Just did....do I expect you to understand?....no....Do I expect more 5 year old level comments....yes....should you expect answers...no

See the big opening in the front?...It has a lens in there that focuses the target onto a thermopile inside....depending on what that lens is focused on, that thermopile is either gaining energy or losing it. If it is focused on a warmer object..will be gaining energy and the rate at which it is warming, via mathematical formula tells us the temperature of the target...

When you point it at the sky, does it somehow measure the IR emitted by the ground?

Now that you know how one works...if you were able to apply just a bit of logic...that logic would tell you that when you point it at the sky during the day, you will be measuring the temperature of packets of warm air moving towards higher altitudes....point it at a cloud...you get the approximate temperature of the water in the cloud....point it towards the sky on a clear night...depending on the quality of the instrument, you may get the temperature of the upper troposphere....what you won't measure with it is back radiation because back radiation does not exist.

 

[Toddsterpatriot]

Well, an IR thermometer on the ground won't measure IR that is traveling toward space which does not impact the thermometer.

You clearly don't know how an IR thermometer works...ever look at one? Ever hold one in your hand? They typically look like this although there are variations.
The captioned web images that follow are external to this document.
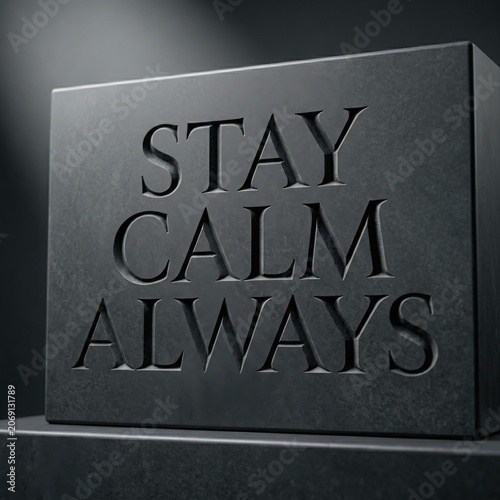 3d render of the phrase stay calm always engraved on a dark stone block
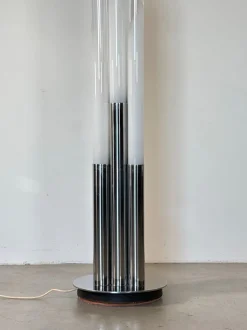 Discount Pamono Glass and Steel Floor Lamp from Mazzega, 1970s
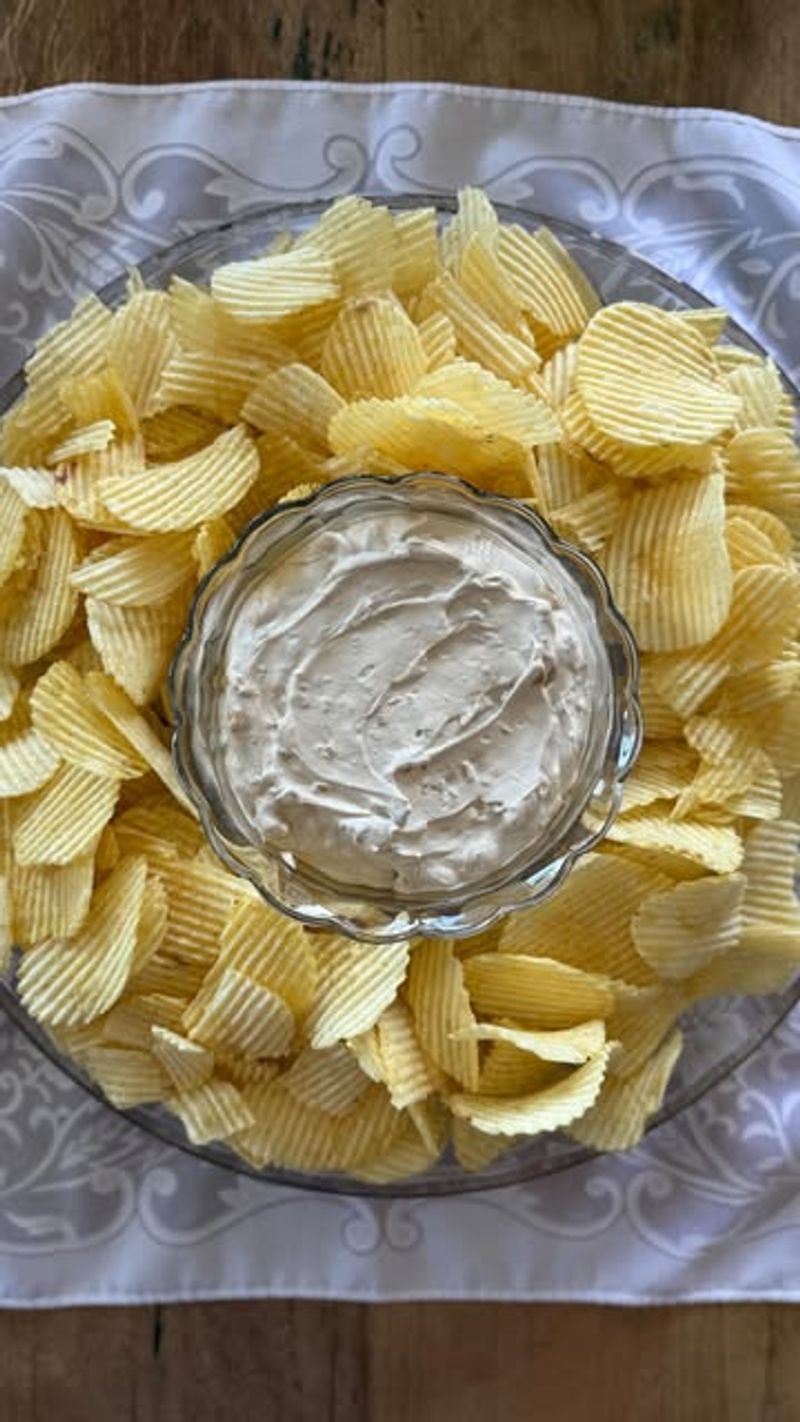 Cheese and Onion Crisps in a Bowl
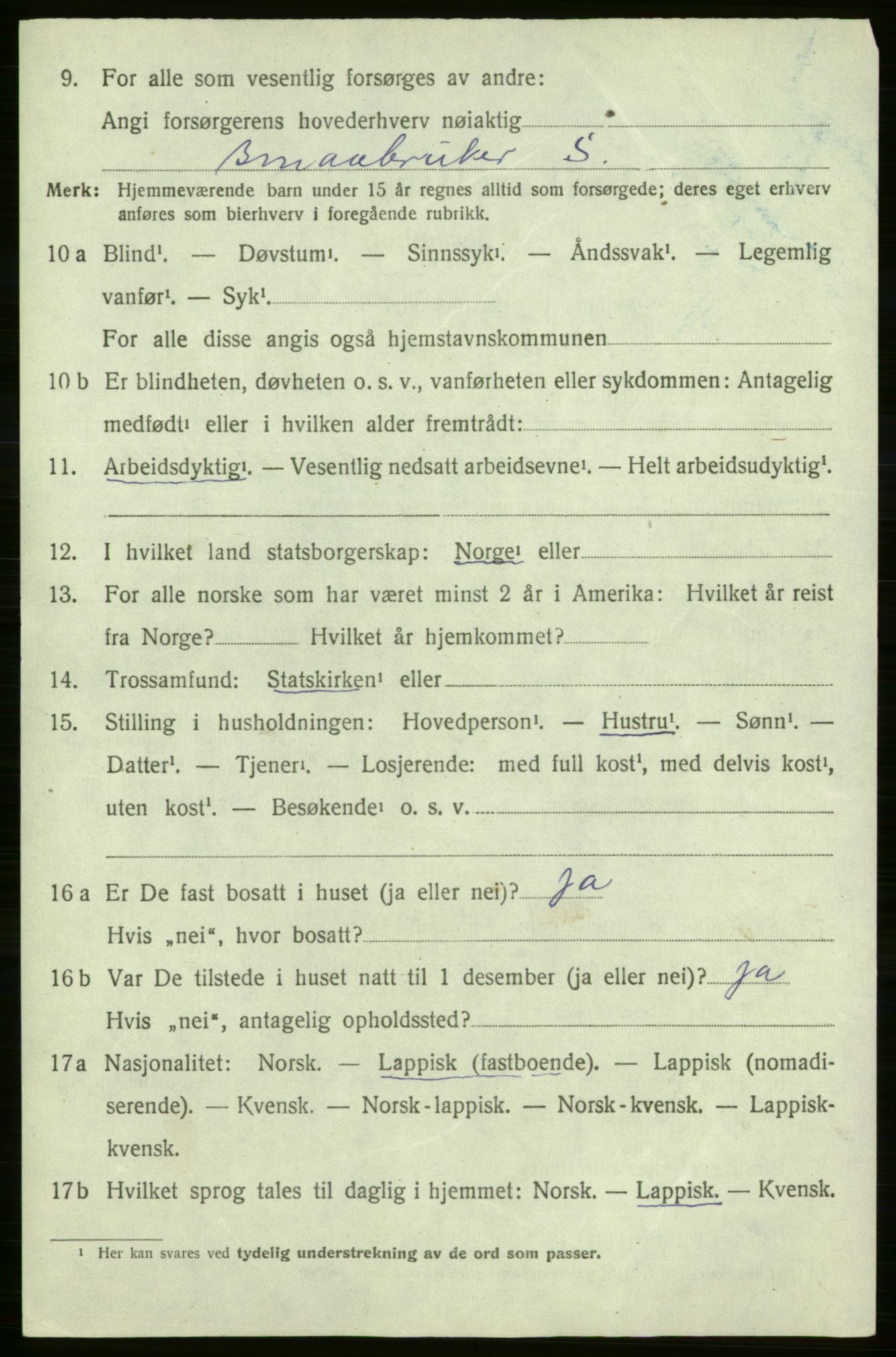 SATØ, 1920 census for Lebesby, 1920, p. 1248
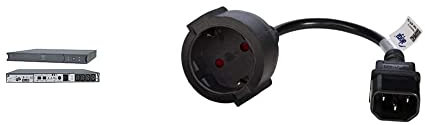 APC Smart-UPS SC - SC450RMI1U - Unterbrechungsfreie Stromversorgung 450VA & AKYGA AK-PC-10A Netzkabel Schuko 3 Pin Polig IEC C14 / EU CEE 7/4 15cm, Schwarz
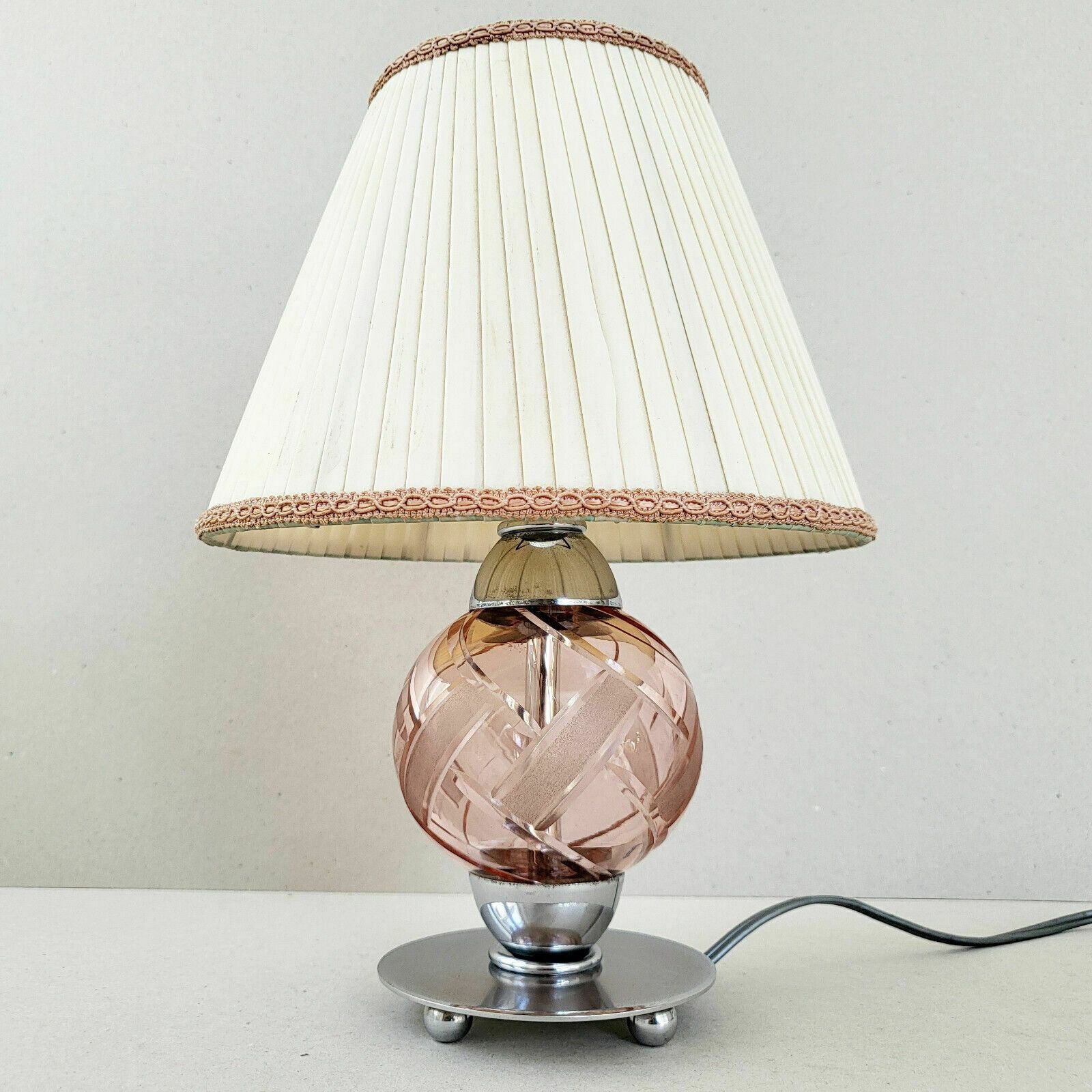 Vintage 1950 Art Deco Style Chrome & Pink Glass Table Lamp 50s 1950s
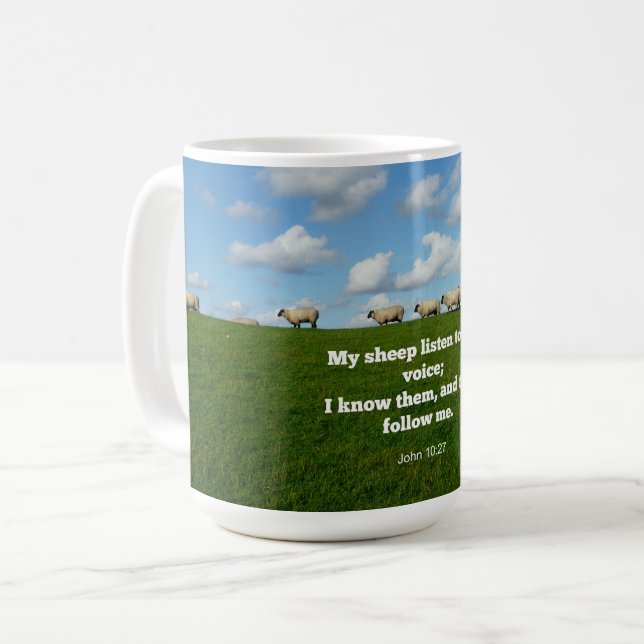 Bible verse, John 10:27, Coffee Mug (Front Left)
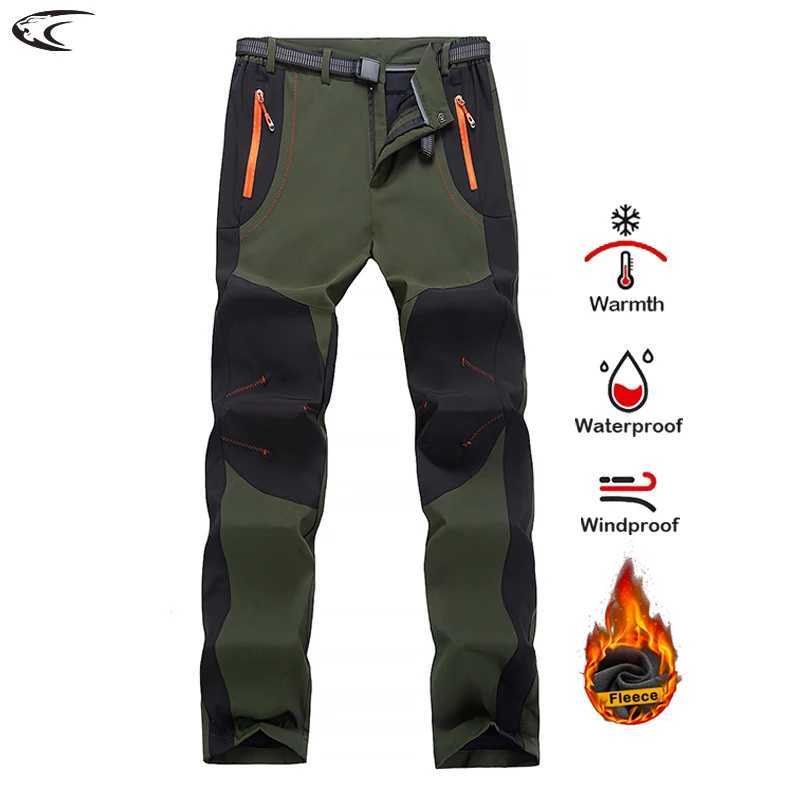 LNGXO Thick Warm Fleece Hiking Pants Men Winter Waterproof Windproof Outdoor Soft Shell Rain Trousers Trekking Camping Ski Pants J2512031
See the big opening in the front?...It has a lens in there that focuses the target onto a thermopile inside....depending on what that lens is focused on, that thermopile is either gaining energy or losing it. If it is focused on a warmer object..will be gaining energy and the rate at which it is warming, via mathematical formula tells us the temperature of the target....if the object is cooler, the thermopile will be losing energy and the rate at which it is cooling via mathematical formula tells us the temperature of the object....the thermopile doesn't care whether energy is coming towards it or leaving...it is either warming or cooling based on what the lens is focused on....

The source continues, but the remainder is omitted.